■ **Required action**: What you return must be the full data, repeated verbatim, with no pictures in it.

■ **Source material**:
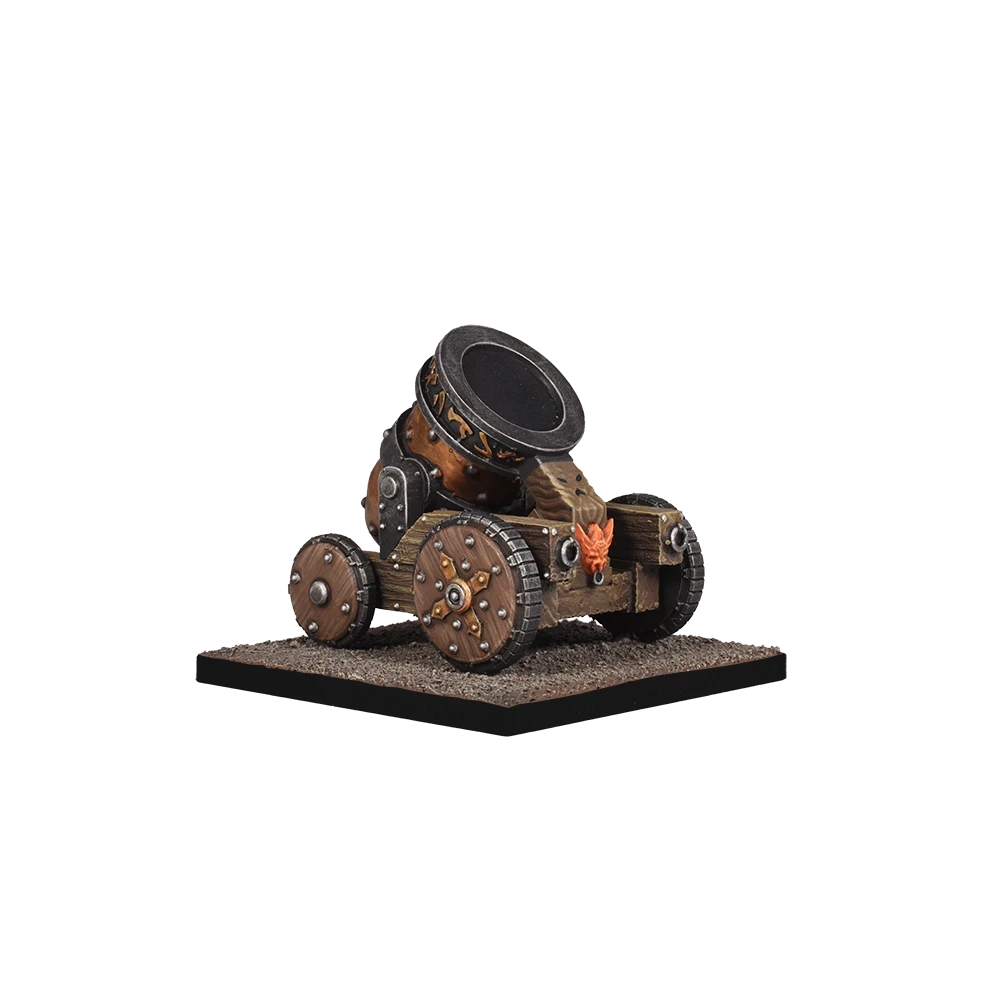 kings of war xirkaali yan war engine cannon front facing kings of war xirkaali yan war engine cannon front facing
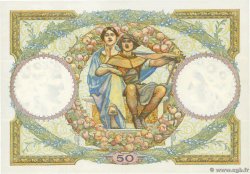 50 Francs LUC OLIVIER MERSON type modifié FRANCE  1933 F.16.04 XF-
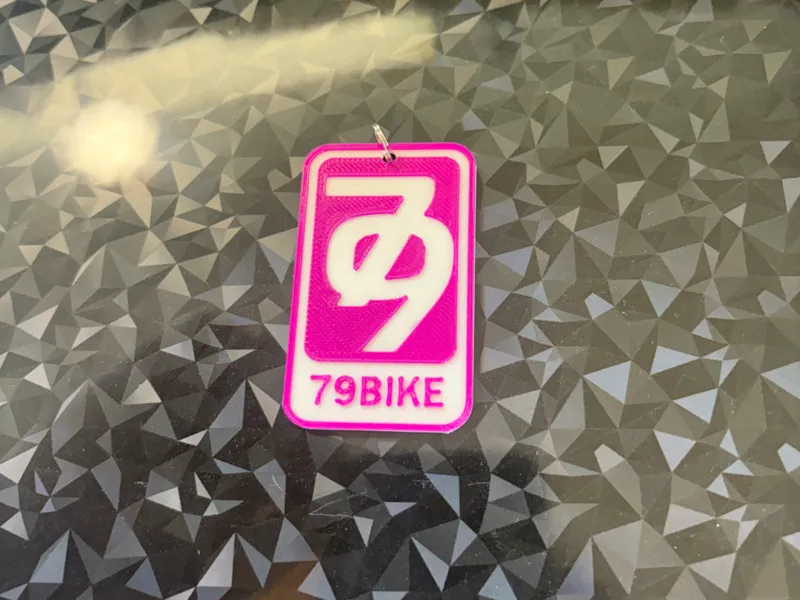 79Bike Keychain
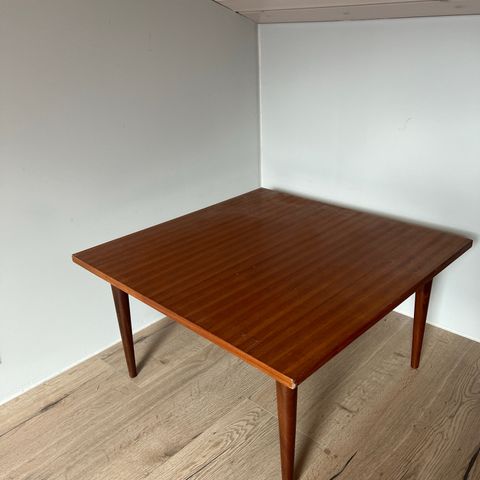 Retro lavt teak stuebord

■ **Answer to the exercise**:
 kings of war xirkaali yan war engine cannon front facing kings of war xirkaali yan war engine cannon front facing
 50 Francs LUC OLIVIER MERSON type modifié FRANCE  1933 F.16.04 XF-
 79Bike Keychain
 Retro lavt teak stuebord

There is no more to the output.